Plus loin, l'amoureux, du Cantique des cantiques, donnera à ce souffle
une note fruitée, dans la bouche de sa dulcinée : « Tes
seins, qu'ils soient des grappes de raisin, le parfum de ton souffle, celui des
pommes ».
Plus prosaïquement, les prophètes Isaïe, Jérémie,
ou encore Ezékiel, évoqueront à de nombreuses reprises le
souffle comme un vent brûlant, qui dessèche, « tel un feu qui
dévore ». Le souffle, dans l'Ancien Testament, n'est pas encore une
respiration : il vient de Dieu, certes, mais passe, et se retire.
C'est
dans l'Évangile de Jean que l'on trouve la plus belle évocation du
souffle, comme métaphore de l'Esprit créateur, comme manifestation
de la puissance divine.
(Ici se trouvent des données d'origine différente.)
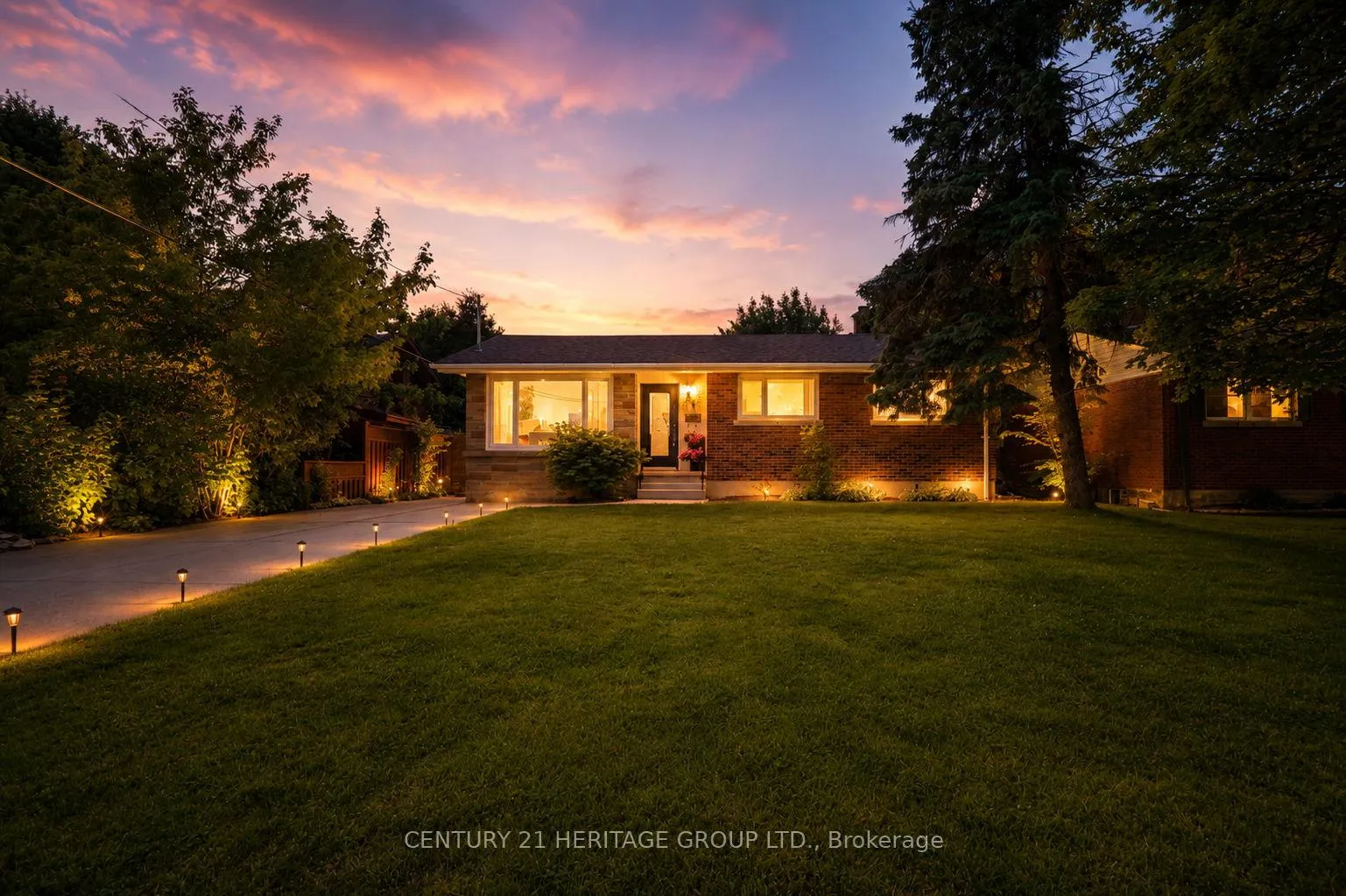 Photo 1 of 9 Kingslea Drive, Hamilton, Huntington — HOMEH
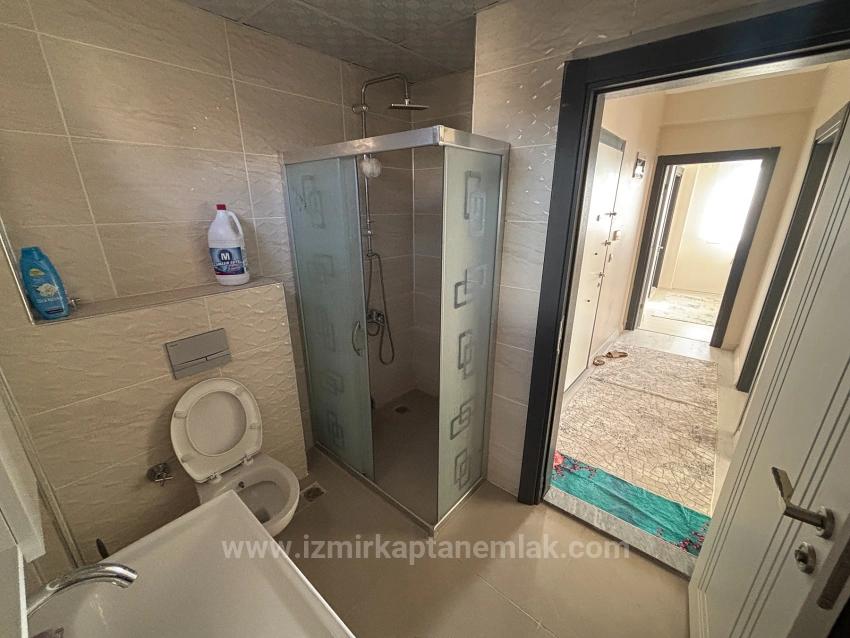 3+1 Apartment Mit Meerblick In Izmir Menderes Fevzi Çakmak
Ainsi, dans son entretien avec Nicodème, le
notable parmi les Juifs, Jésus lui dit, à propos d'une «
seconde naissance » : « Le vent souffle où il veut : tu entends
le bruit qu'il fait, mais tu ne sais pas d'où il vient ni où il
va. Il en est ainsi de tout homme qui est né du souffle de l'Esprit. »
Ici le souffle tourne, circule, comme une brise légère qui
caresse, anime, fait vivre et revivre ; le souffle est devenu vie, et promesse
de vie éternelle.
Jésus conclut ainsi son entretien avec
Nicodème : « Dieu a tant aimé le monde qu'il a donné
son Fils unique : ainsi tout homme qui croit en lui ne périra pas, mais
il obtiendra la vie éternelle. La Bible, à n'en pas douter, est un
livre, ou plutôt une bibliothèque, qui ne manque pas de souffle !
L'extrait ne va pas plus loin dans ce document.